■ The problem
In your copy, each line below is repeated exactly and no image appears.

□ □ □ □ □

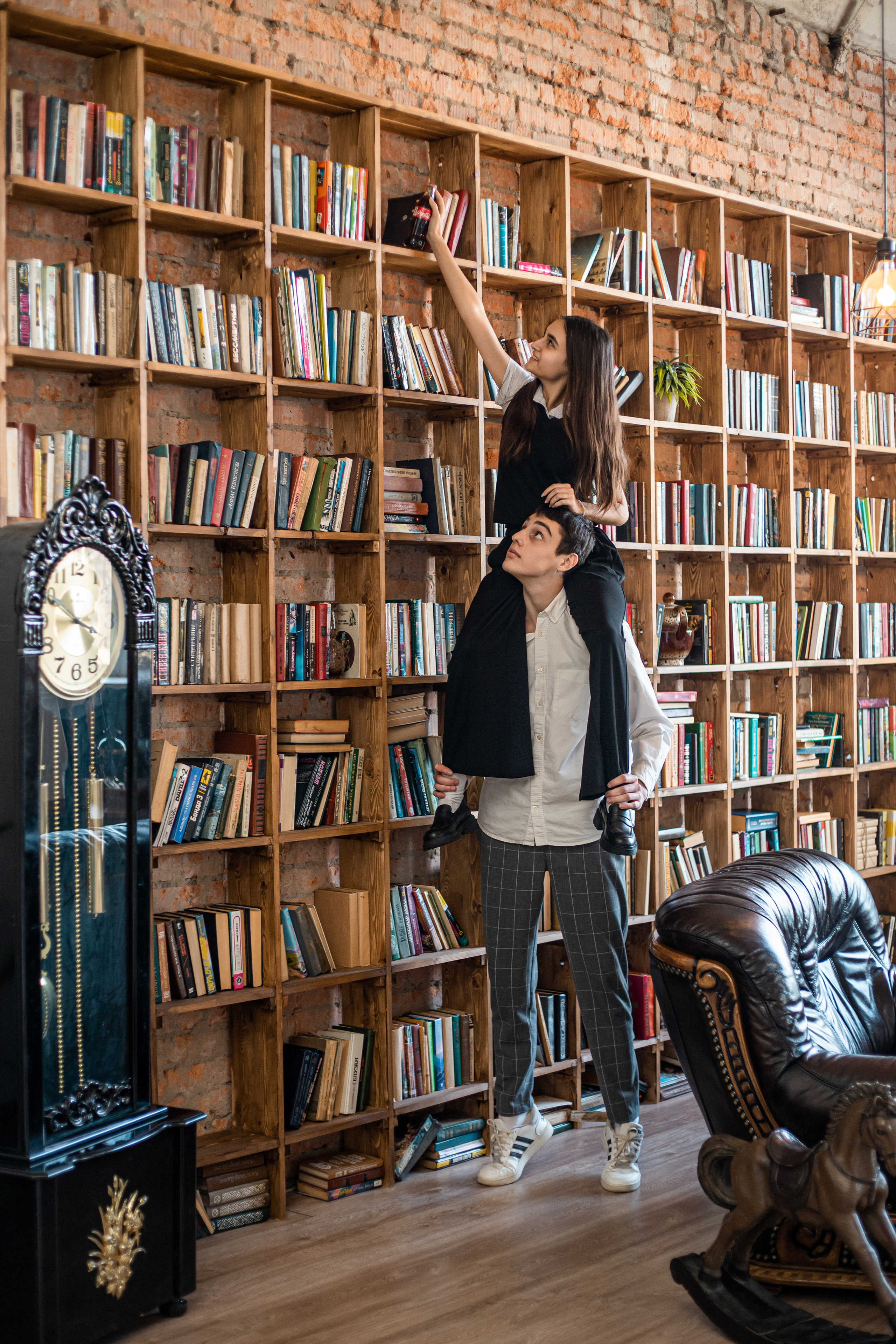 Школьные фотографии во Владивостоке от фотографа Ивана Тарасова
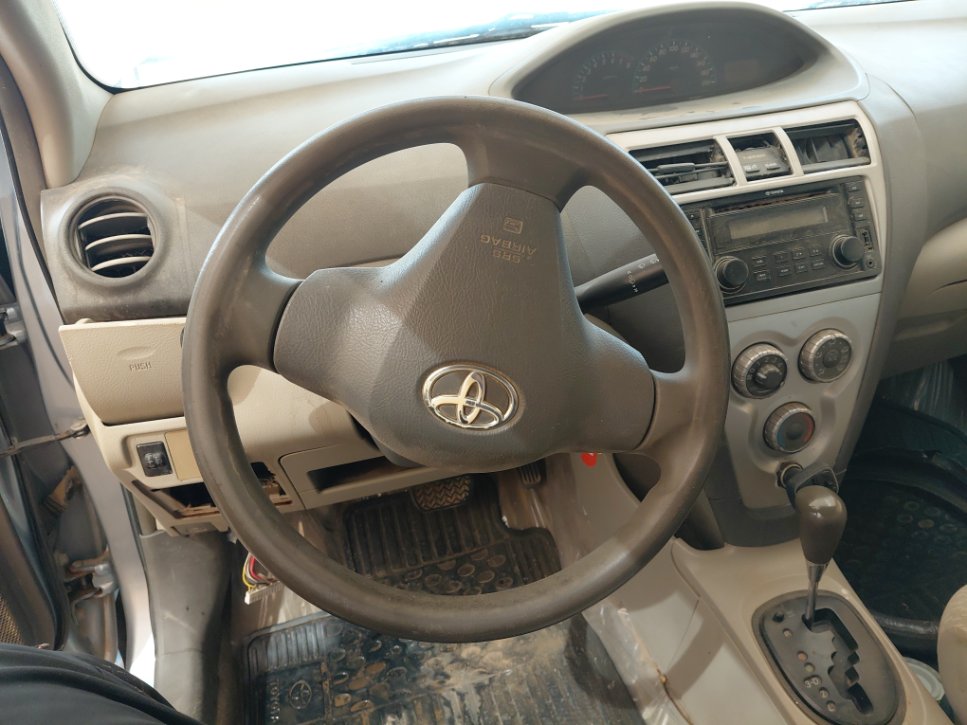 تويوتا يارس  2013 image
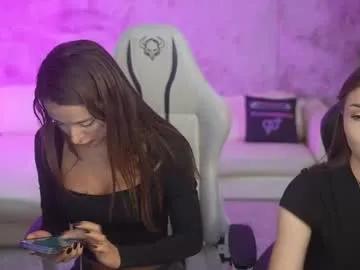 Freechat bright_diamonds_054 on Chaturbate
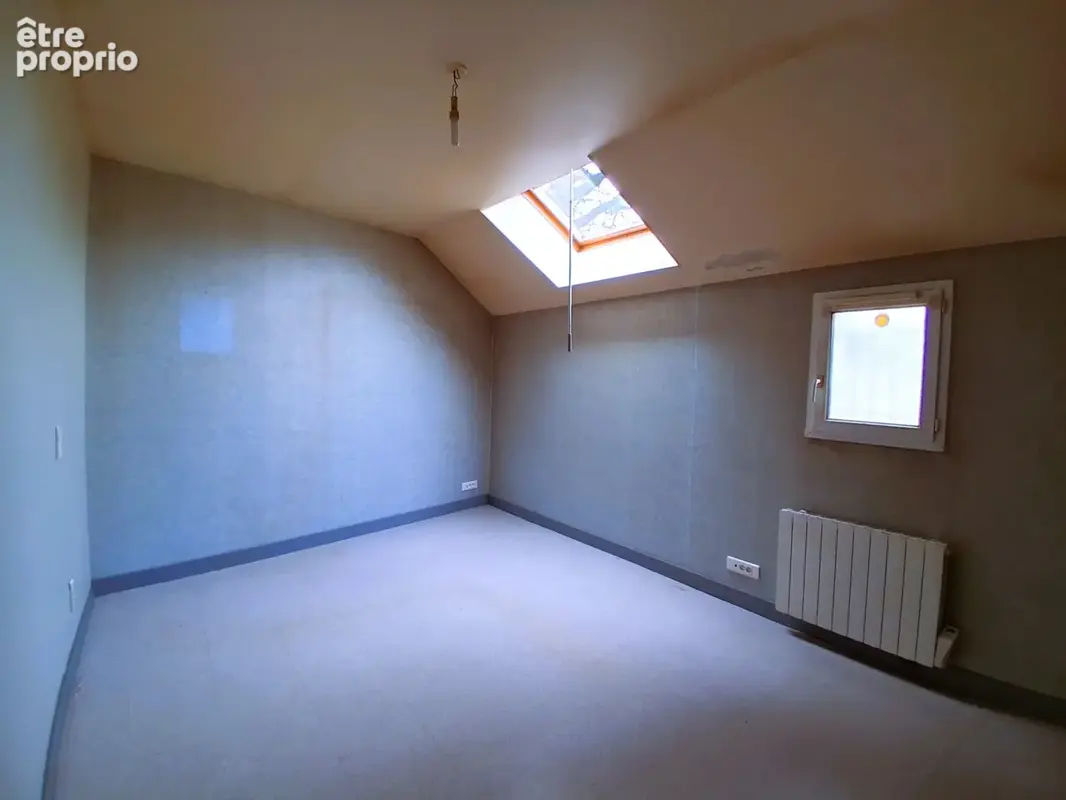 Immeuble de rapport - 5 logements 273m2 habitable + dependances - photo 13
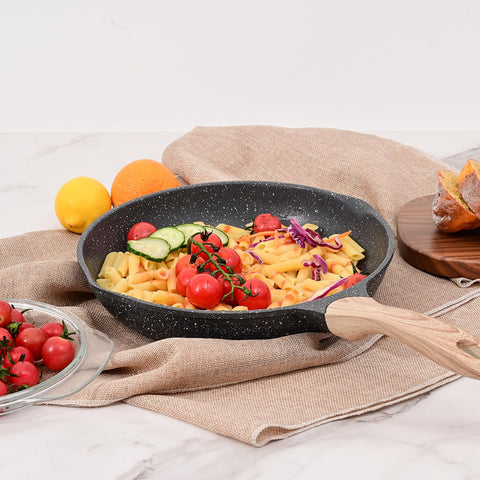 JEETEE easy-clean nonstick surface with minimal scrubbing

□ □ □ □ □

■ The answer
 Школьные фотографии во Владивостоке от фотографа Ивана Тарасова
 تويوتا يارس  2013 image
 Freechat bright_diamonds_054 on Chaturbate
 Immeuble de rapport - 5 logements 273m2 habitable + dependances - photo 13
 JEETEE easy-clean nonstick surface with minimal scrubbing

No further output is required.